Des études in vitro ont montré que la vitamine D freine la prolifération des lignées cellulaires de mélanome4. Et des études épidémiologiques ont révélé que les personnes atteintes de mélanomes plus avancés ont tendance à avoir des taux de vitamine D plus faibles dans leur sang que celles dont les tumeurs sont moins avancées5.

Les œufs, les viandes, les champignons et les produits laitiers enrichis contiennent tous de la vitamine D. Mais lorsqu’elle est baignée dans la lumière du soleil, la peau peut fabriquer elle-même cette vitamine. Les chercheurs savent depuis longtemps qu’une petite exposition au soleil est saine pour l’organisme pour diverses raisons, même si une trop grande exposition peut s’avérer néfaste.
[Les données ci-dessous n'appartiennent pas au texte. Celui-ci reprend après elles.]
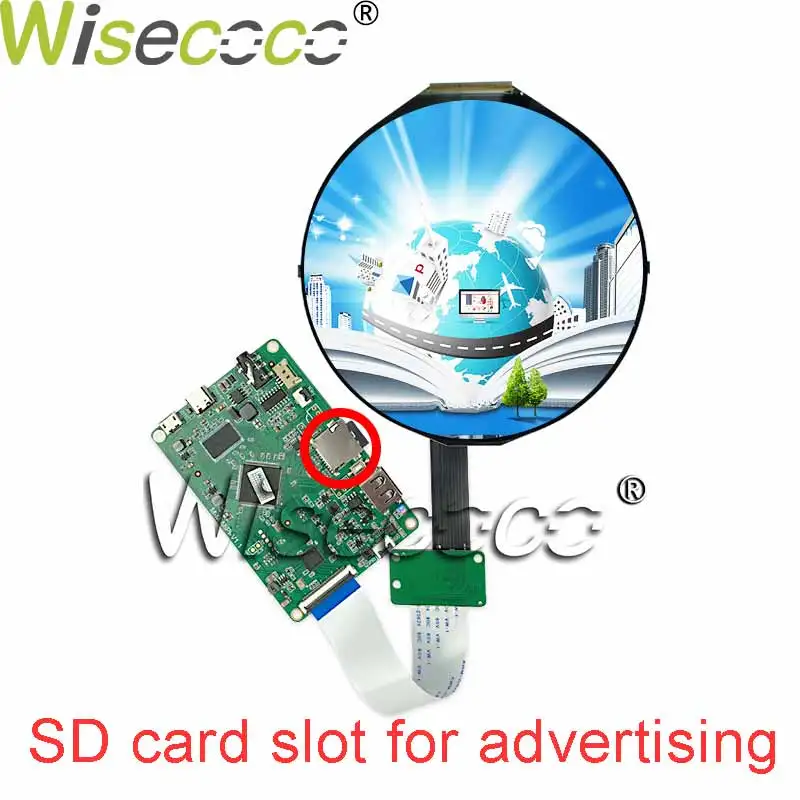 

Round LCD Display FHD 5 Inch IPS sRGB Screen 1080P SD Card Slot Advertising MIPI Driver Board 60HZ Module Raspberry Pi Wisecoco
Mais ils découvrent aujourd’hui qu’une exposition modérée au soleil pourrait protéger contre les effets néfastes d’une exposition excessive. « La lumière du soleil et la vitamine D pourraient être vraiment importantes pour les résultats du mélanome », déclare Michael Kimlin, chercheur en prévention du cancer à l’Université de la Sunshine Coast à Brisbane, en Australie.

Kimlin et son équipe ont montré5 que les personnes atteintes de mélanome et ayant un faible taux de vitamine D étaient plus susceptibles d’avoir des tumeurs plus épaisses, qui ont généralement un moins bon pronostic. En mesurant les taux de vitamine D au moment du diagnostic, l’équipe a pu exclure la possibilité que les faibles taux de vitamine D soient dus au fait que les personnes atteintes de mélanomes plus graves aient été plus assidues à ne pas s’exposer au soleil à la suite de leur diagnostic.
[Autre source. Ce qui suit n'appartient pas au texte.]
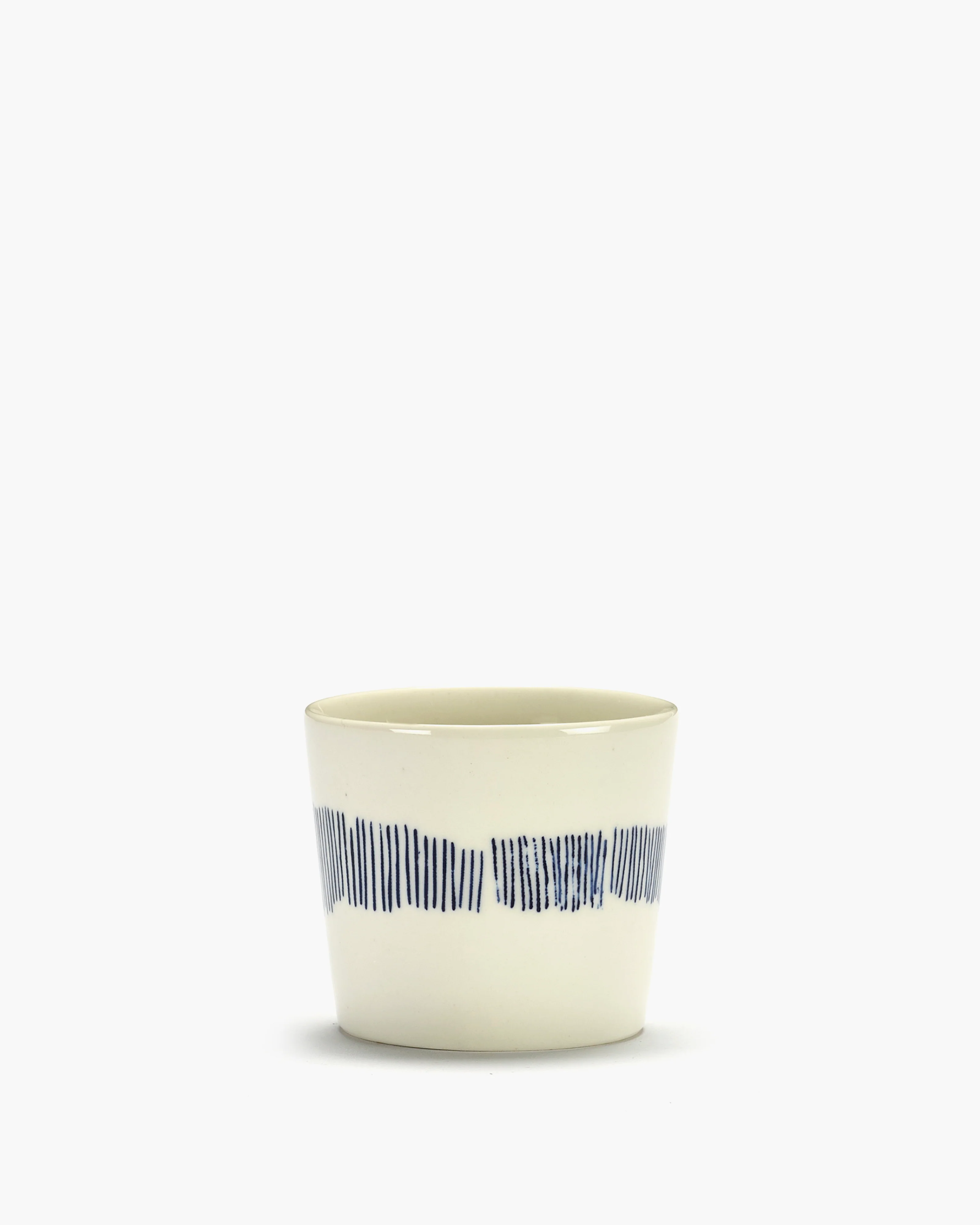 Espresso cup 15cl white - blue stripes Feast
Mais on ne sait toujours pas si la vitamine elle-même est le facteur de protection. Les niveaux de vitamine D dans le sang pourraient être un marqueur pour un autre effet protecteur de la lumière du soleil, ou un autre nutriment influencé par la lumière du soleil.
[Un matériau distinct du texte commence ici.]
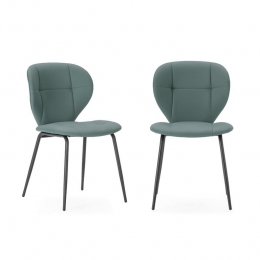 Calicosy-Set2stoelenMAURA-L50cm-Zwartmetaal-Groen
Pour les personnes présentant un risque moyen de cancer de la peau, ces résultats ne changent pas le conseil de bon sens de porter un écran solaire et de sortir. Les gens appliquent rarement assez d’écran solaire pour que celui-ci interfère avec la capacité de l’organisme à fabriquer de la vitamine D. « À maintes reprises, nos études en Australie montrent que les personnes qui se protègent le plus du soleil ont en fait les niveaux les plus élevés de vitamine D », car elles ont aussi tendance à être plus actives et à passer plus de temps à l’extérieur, dit-il.

Mais pour les personnes présentant un risque élevé de mélanome, ou celles qui ont déjà été diagnostiquées, cette ligne de recherche suggère qu’une supplémentation orale en vitamine D pourrait être une bonne stratégie. Un essai randomisé sur la supplémentation en vitamine D chez les personnes à haut risque pourrait être intéressant, selon Kimlin. Plusieurs grands essais randomisés sont déjà en cours pour déterminer si cette stratégie pourrait contribuer à prévenir d’autres formes de cancer. Mais les résultats préliminaires suggèrent que même si les niveaux de vitamine D ont été liés à la protection contre le cancer dans les études épidémiologiques, les suppléments pourraient avoir peu d’effet. « Lorsque vous commencez à prendre les nutriments seuls et à examiner les propriétés anticancéreuses, cela ne reproduit pas nécessairement ce que nous voyons dans les études d’observation », dit Kimlin.

Les suppléments de vitamine D sont si omniprésents qu’il est difficile pour les chercheurs de mesurer leur effet anticancéreux. Et les différences dans la biologie individuelle peuvent obscurcir les modèles. Les recherches en cours de Kimlin visent à déterminer comment les différences dans le gène du récepteur de la vitamine D affectent le risque de mélanome. Mais que les chercheurs parlent de rides ou de mélanome, le point de friction est le même : le passage de conseils généraux sur un mode de vie sain à des recommandations spécifiques sur un nutriment particulier reste un défi, qui ne sera pas résolu de sitôt.